It is Friday and we are here.
{a breath for Friday}
What worked?
Doing things much sooner/earlier than I normally would.
This is a version of setting it up.
Or
For example, I did entry for a meeting two days before it happened, instead of half an hour before. Good stuff.
Dolly Parton.
I was channelling her anyway this week (which might be related to my secret-project for Rally (Rally!) next week. It’s Rally B of the Alphabet Rallies, and my project has to do with BEACONS AND BOUNDARIES. And BELIEVING.
Dolly Parton is absolutely a beacon for me. She knows about both boundaries and believing.
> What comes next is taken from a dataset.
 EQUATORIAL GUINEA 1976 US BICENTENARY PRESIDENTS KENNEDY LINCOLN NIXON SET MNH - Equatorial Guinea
I am playing with this, and it is helping.
And then I came across this, which was so perfect.
Next time I might…
[Something to do with being patient with myself]
The thing these past two years have taught me is this:
Every time I think “oh wow, this is terrible timing”, it actually turns out later to have been just-right timing.
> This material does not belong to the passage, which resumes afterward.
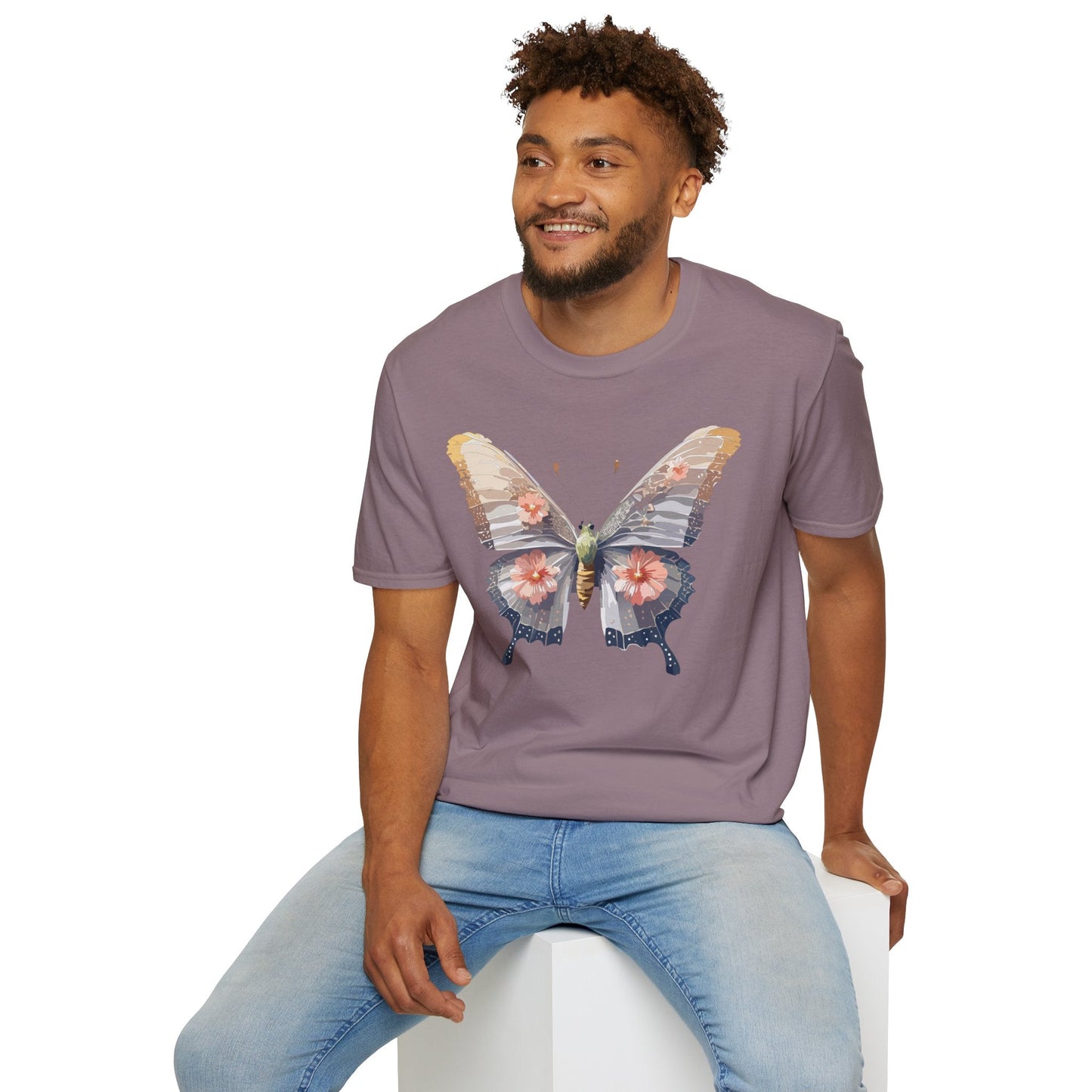 Butterfly T Shirt Unisex Monarch Design Gildan Softstyle 64000 100 Percent Ring Spun Cotton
But my default reaction is still impatience with myself. Especially when I’m tired and things aren’t getting done. Or when I miss dance class.
Once I remember that Nothing Is Wrong, I also remember about What If All Timing Is Right Timing (Because It Pretty Much Always Turns Out To Be Later).
And even if that weren’t true, it’s still an opportunity to meet a stressful moment with gentleness, understanding, compassion and quiet whispers of my-love-you-are-okay.
Anyway, I don’t need to solve this right away. Just noticing how much cultural conditioning is in here. How deeply we believe that we are behind, missing out, not ________ enough.
Eight breaths for the hard, challenging and mysterious.
- Being woken up at 4am to have an argument over a misunderstanding. Or really: a misunderstanding over a misunderstanding. A breath for how completely miserable this is.
- A severe case of Chocolate Numbness. Proxy! A breath for not feeling and wanting to feel.
- My friend Mary is being evicted from her shop. A breath for the huge sadness of this situation, and for all the ways that Portland is no longer the city I fell in love with.
- Some people tried to break into my Ballroom a couple nights ago. A breath for safety.
- Didn’t make progress on the things I wanted to make progress on. Difficulty focusing. A breath for this.
- Cold moved into chest (movement is good!), leaving me in that uncomfortable state where everything is fine… as long as you’re vertical. A breath for needing more sleep.
- Big doubt, again, still, more of it. A breath for questioning.
- Inhale, exhale. Goodbye, mysteries and hard moments of this week.
Eight breaths of good, reassuring, delight-filled.
- Having all the best ideas! A breath for miracles and for welcome surprises.
- So unbelievably excited for the class Max is doing on internal explorations of identity, called Into The Closet. Doing lots of prep work on my own. Take this class with me! A breath for the exact right thing just when you need it.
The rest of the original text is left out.